Aber die Methode erlaubt weitere Rückschlüsse. Es ist bekannt, dass bestimmte Aminosäuren in der Nahrung der Pinguine den Körper mit fast unverändertem Isotopenwert passieren. Tatsächlich wird angenommen, dass diese Aminosäuren die ursprünglichen Isotopenwerte in Mikroorganismen an der Basis des antarktischen Nahrungsnetzes widerspiegeln: Phytoplankton, das im Südpolarmeer schwimmt.
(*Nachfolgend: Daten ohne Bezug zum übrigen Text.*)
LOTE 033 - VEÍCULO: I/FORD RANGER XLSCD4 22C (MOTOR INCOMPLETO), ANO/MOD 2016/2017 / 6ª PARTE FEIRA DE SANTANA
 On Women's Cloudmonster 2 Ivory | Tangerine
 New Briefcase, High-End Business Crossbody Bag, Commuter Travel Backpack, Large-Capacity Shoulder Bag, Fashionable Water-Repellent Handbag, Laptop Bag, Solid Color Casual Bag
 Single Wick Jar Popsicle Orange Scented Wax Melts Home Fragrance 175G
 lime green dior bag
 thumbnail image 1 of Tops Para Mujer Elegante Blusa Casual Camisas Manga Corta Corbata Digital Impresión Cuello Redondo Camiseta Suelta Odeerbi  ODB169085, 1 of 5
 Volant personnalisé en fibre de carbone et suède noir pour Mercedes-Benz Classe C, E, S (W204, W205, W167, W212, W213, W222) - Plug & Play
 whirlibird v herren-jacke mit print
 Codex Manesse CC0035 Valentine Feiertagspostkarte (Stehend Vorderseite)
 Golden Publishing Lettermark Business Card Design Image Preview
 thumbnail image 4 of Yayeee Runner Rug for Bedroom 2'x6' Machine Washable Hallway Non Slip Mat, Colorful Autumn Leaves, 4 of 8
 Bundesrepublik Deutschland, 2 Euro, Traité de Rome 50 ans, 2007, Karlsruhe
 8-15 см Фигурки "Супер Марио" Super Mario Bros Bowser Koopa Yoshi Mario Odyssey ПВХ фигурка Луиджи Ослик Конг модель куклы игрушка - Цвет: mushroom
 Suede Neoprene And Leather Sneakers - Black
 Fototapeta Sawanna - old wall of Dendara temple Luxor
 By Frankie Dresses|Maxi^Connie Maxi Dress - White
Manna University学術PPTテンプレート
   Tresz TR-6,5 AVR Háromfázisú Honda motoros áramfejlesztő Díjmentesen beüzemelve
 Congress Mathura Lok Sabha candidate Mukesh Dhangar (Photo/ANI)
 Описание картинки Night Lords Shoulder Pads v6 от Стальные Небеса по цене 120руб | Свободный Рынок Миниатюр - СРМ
Da das Klima die Isotopenwerte des Phytoplanktons bestimmt, stellen die Isotope in diesen Aminosäuren ein Protokoll des Klimawandels dar. Im Fall des Stickstoffs sind höhere Stickstoff-15-Werte im Verhältnis zum Stickstoff-14 im Phytoplankton wahrscheinlich auf mehr offene Wasserstellen im Meereis zurückzuführen, sagte McMahon. Solche offenen Wasserstellen, Polynyas genannt, sind in den letzten Jahrzehnten rund um die Antarktis aufgrund von Veränderungen der Windrichtungen in Zusammenhang mit dem Klimawandel entstanden. Diese Studie unterstreicht die Stärke dieser Aminosäure-Isotopentechnik, um Umweltveränderungen durch tierisches Gewebe zu verfolgen, sagt Seth Newsome, ein Tierökologe an der Universität von Albuquerque in New Mexico, der nicht an der Studie beteiligt war. Die Technik wird immer beliebter, weil sie sowohl Ernährungs- als auch Baseline-Veränderungen im Nahrungsnetz aus demselben Gewebe feststellen kann, sagt er. «Dieser 80-jährige Datensatz ist nur ein Teil eines viel längeren Wandels», sagte McMahon. Das Team plant, weiter in die Vergangenheit zu schauen. Ausgrabungen haben Pinguin-Eierschalen zu Tage gefördert, die bis zu 10 000 Jahre alt sind und eine viel längere Geschichte zu erzählen haben.